Changer réellement la vie et la politique signifie donc, pour Thomas Coutrot, de changer et de libérer le travail, tant toute la sphère de celui-ci « imprime sa marque sur l’ensemble des comportements et des rôles sociaux ». Mais l’auteur souligne d’emblée qu’il ne s’agit pas de cesser de défendre « âprement » les conquêtes sociales du XXe siècle « contre l’avidité des privilégiés ». Toutefois, la bataille à venir concerne plutôt aujourd’hui « la politique du travail vivant », que l’économiste et statisticien va alors esquisser de manière aussi précise qu’ambitieuse. Il rappelle notamment l’importance de la question pour les citoyens aujourd’hui, au regard de la souffrance au travail de plus en plus dénoncée, mais aussi du refus de la dégradation du travail, comme l’avait exprimé le slogan « On vaut mieux que ça » lors du mouvement social contre la loi El Khomri.

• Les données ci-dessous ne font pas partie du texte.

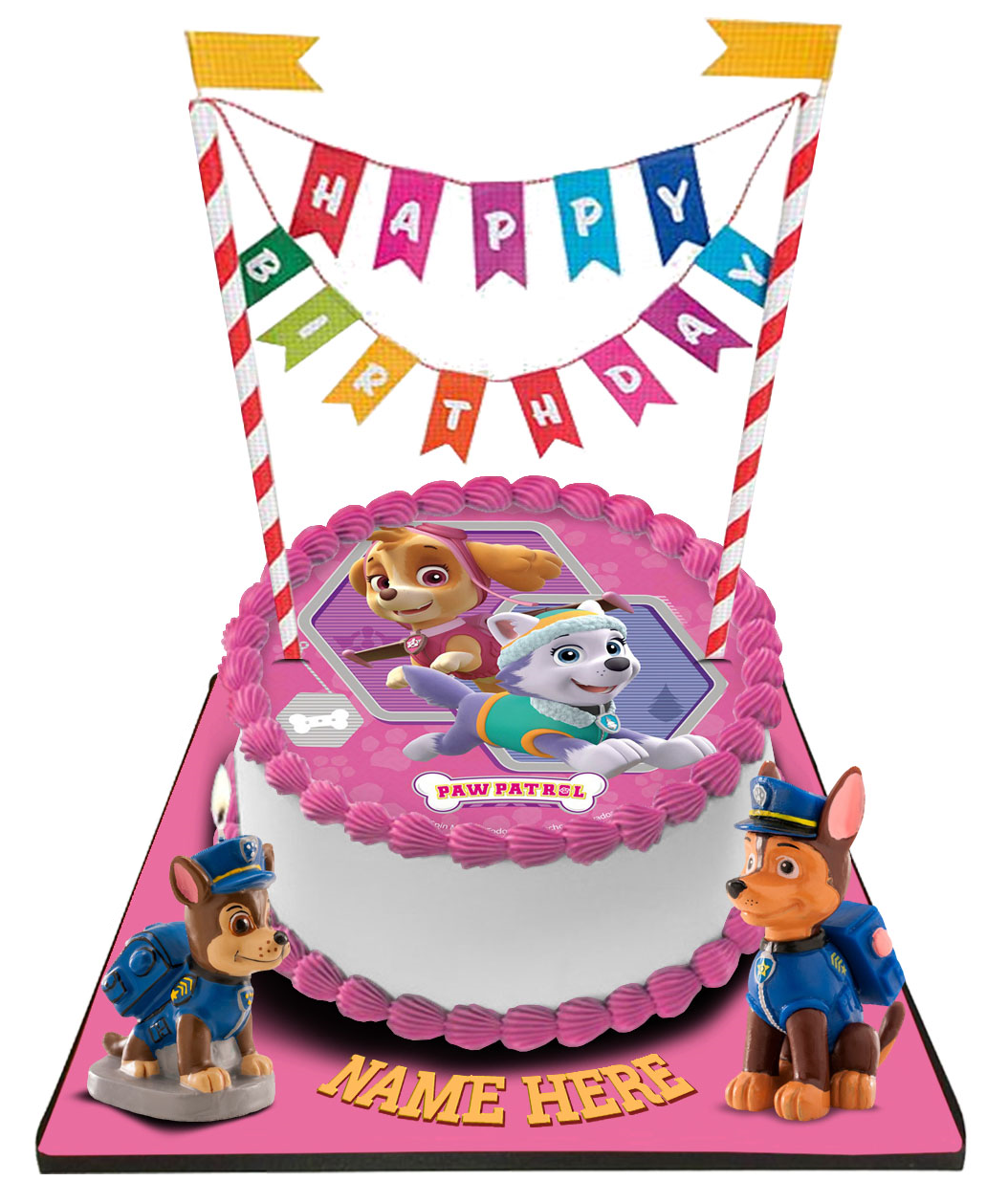 Paw Patrol Cake with Happy Birthday Bunting &Topper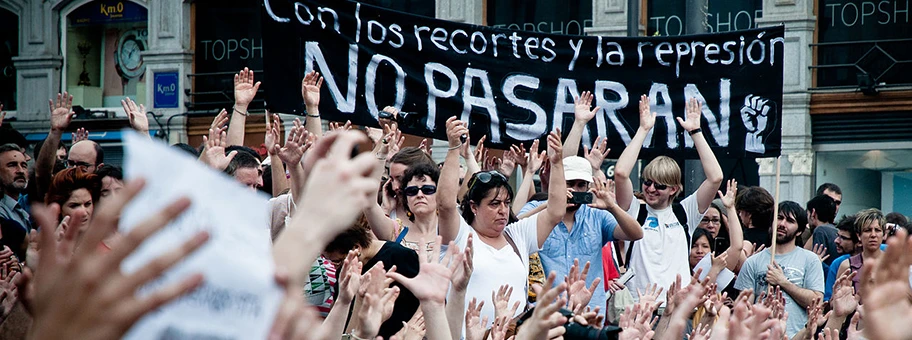 Demonstration der 15-M Bewegung (Indignados) in Madrid, Mai 2012.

Alors que le capitalisme tend à dominer les travailleurs en transformant leur travail en pure abstraction, il s’agit au contraire de faire « des finalités et des effets concrets du travail les critères essentiels de sa gouvernance ». Avec pour principes fondamentaux celui d’égalité (contre la subordination), et celui de « commun », que Thomas Coutrot entend ainsi : « l’auto-organisation durable d’une communauté productive ». Et l’économiste d’espérer faire « à la fois de la démocratie un outil de travail et du travail l’école de la démocratie ». Le combat ne fait que commencer…

(1) La Cité du travail. Le fordisme et la gauche, Bruno Trentin (1997), traduit de l’italien par Jérôme Nicolas, Fayard, 2012. Cf. notre article in Politis n° 1246.

Libérer le travail. Pourquoi la gauche s’en moque et pourquoi ça doit changer Thomas Coutrot, Seuil, 320 p., 20 euros.